━━━ INFORMATION SUPPLIED ━━━

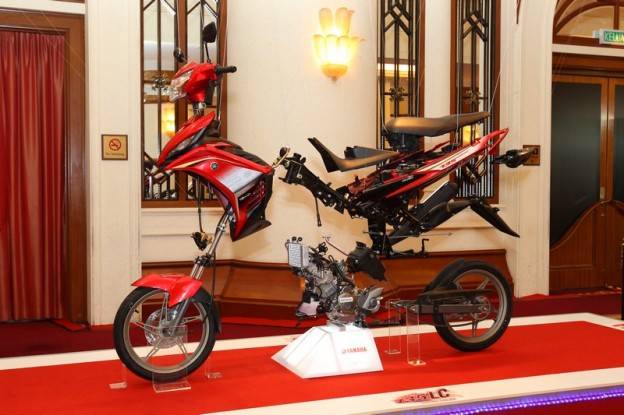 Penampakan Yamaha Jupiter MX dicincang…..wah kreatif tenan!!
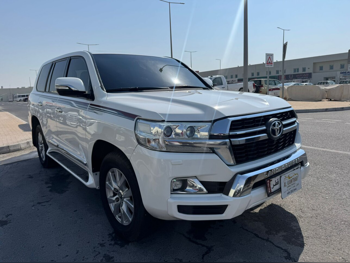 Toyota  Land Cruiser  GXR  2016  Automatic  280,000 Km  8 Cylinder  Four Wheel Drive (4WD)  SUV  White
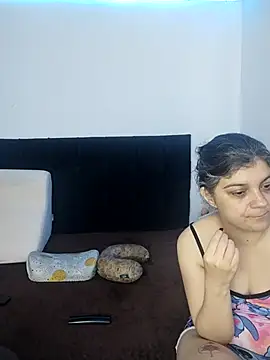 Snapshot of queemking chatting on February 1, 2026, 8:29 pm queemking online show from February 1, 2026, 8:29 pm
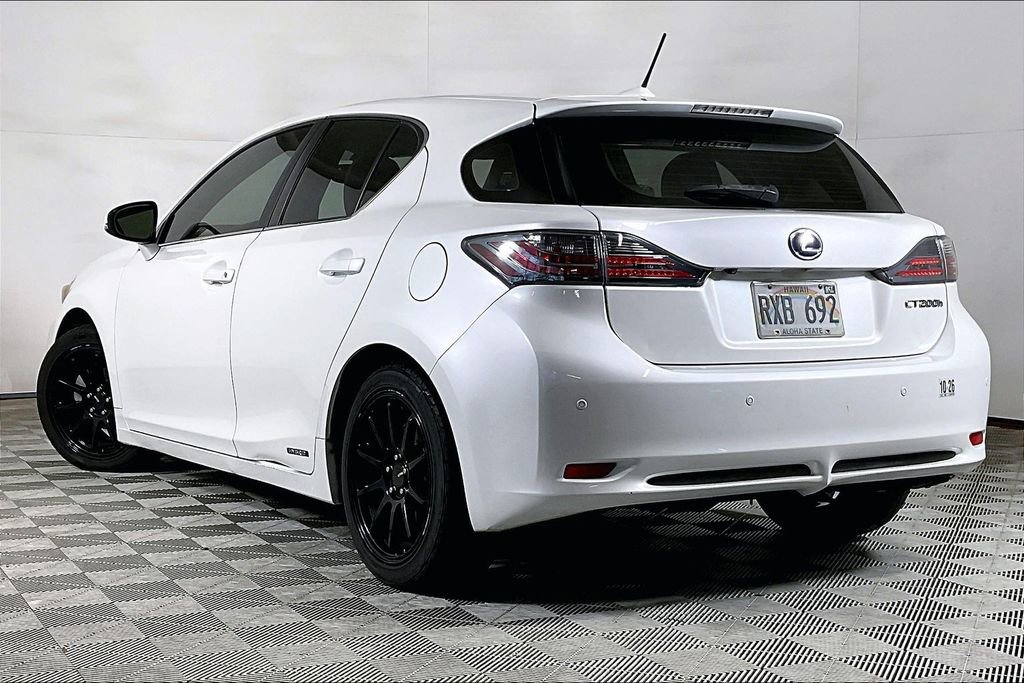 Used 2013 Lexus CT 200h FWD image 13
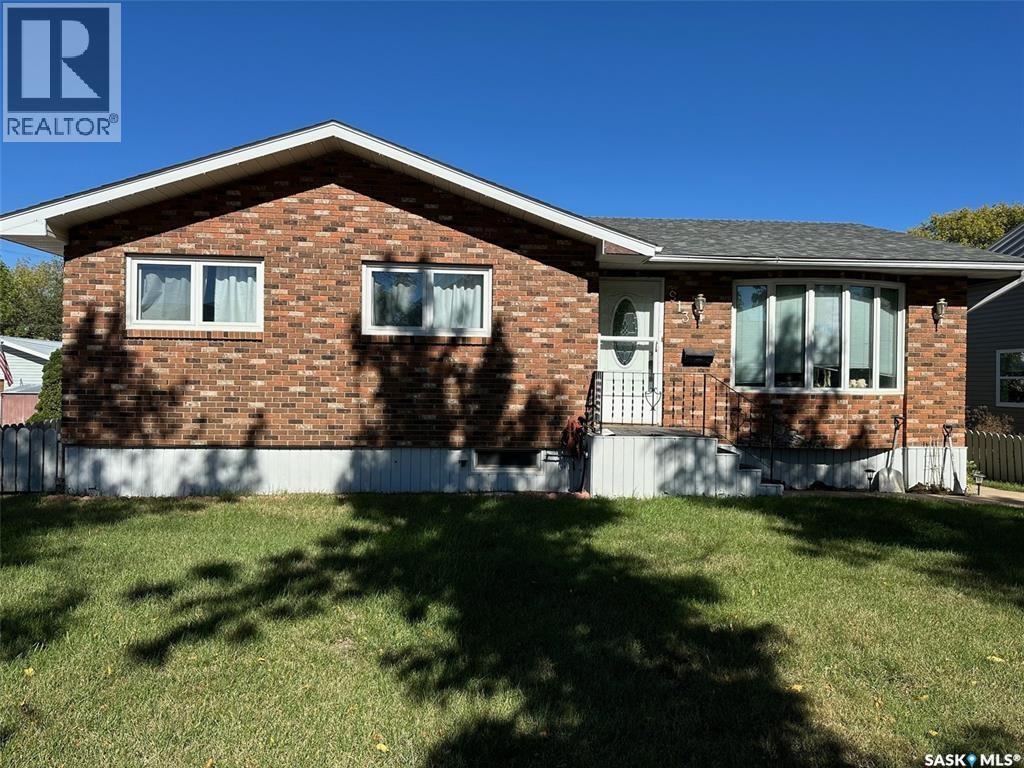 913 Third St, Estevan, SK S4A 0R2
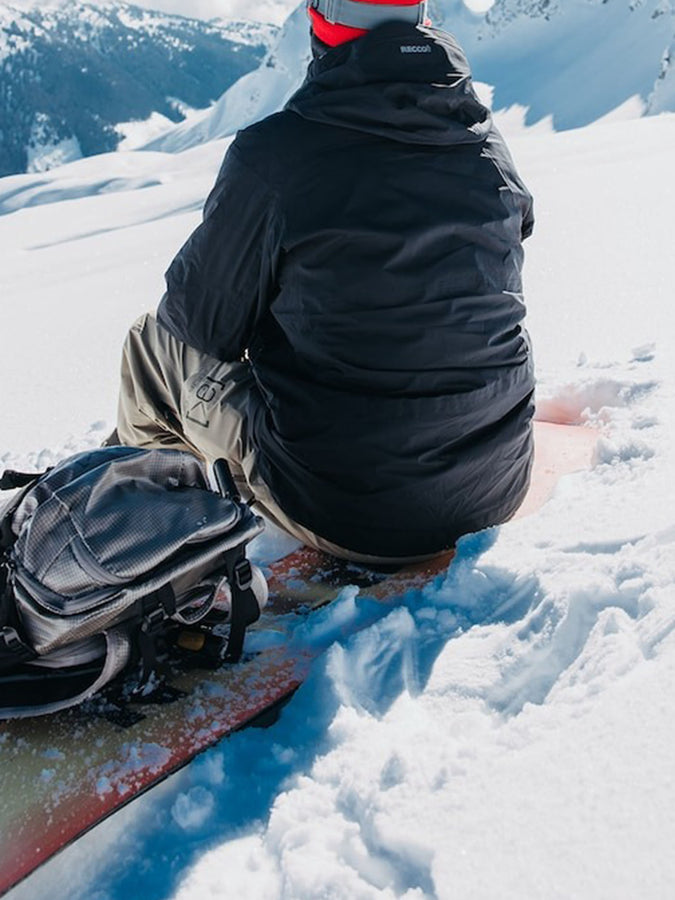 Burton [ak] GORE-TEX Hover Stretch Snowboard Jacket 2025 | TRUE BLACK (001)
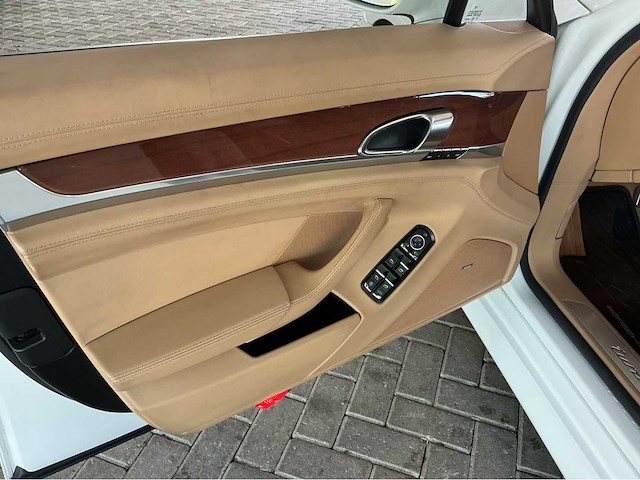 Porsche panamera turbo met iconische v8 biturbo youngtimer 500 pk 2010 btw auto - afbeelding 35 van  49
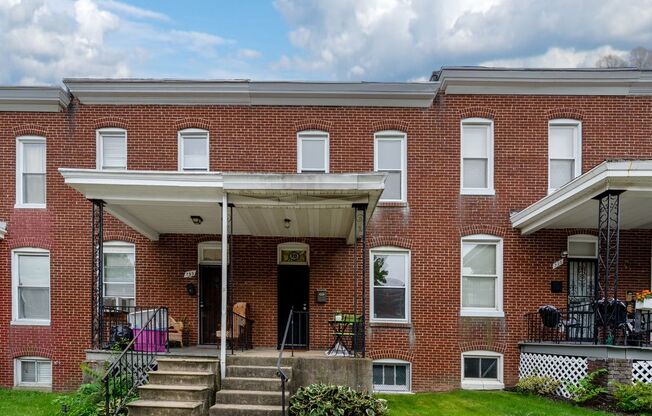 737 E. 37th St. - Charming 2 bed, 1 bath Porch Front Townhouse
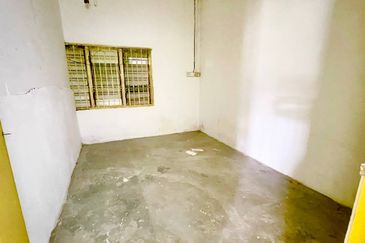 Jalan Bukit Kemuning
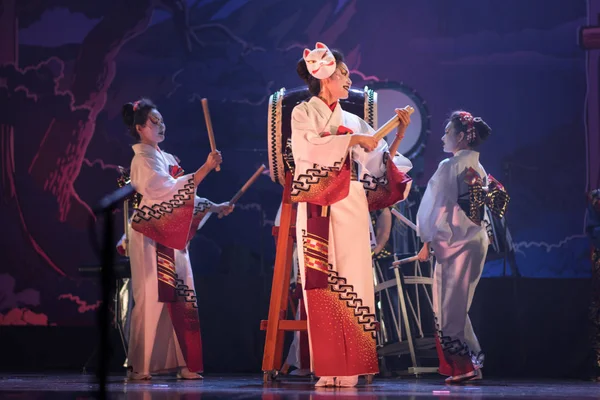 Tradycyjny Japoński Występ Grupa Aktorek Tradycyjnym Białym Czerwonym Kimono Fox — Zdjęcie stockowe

━━━

EXERCISE AIM –
Return verbatim every line from the one holding "Snapshot of queemking" to the end of the records above. Do not copy the pictures.

FINAL ANSWER –
 Snapshot of queemking chatting on February 1, 2026, 8:29 pm queemking online show from February 1, 2026, 8:29 pm
 Used 2013 Lexus CT 200h FWD image 13
 913 Third St, Estevan, SK S4A 0R2
 Burton [ak] GORE-TEX Hover Stretch Snowboard Jacket 2025 | TRUE BLACK (001)
 Porsche panamera turbo met iconische v8 biturbo youngtimer 500 pk 2010 btw auto - afbeelding 35 van  49
 737 E. 37th St. - Charming 2 bed, 1 bath Porch Front Townhouse
 Jalan Bukit Kemuning
 Tradycyjny Japoński Występ Grupa Aktorek Tradycyjnym Białym Czerwonym Kimono Fox — Zdjęcie stockowe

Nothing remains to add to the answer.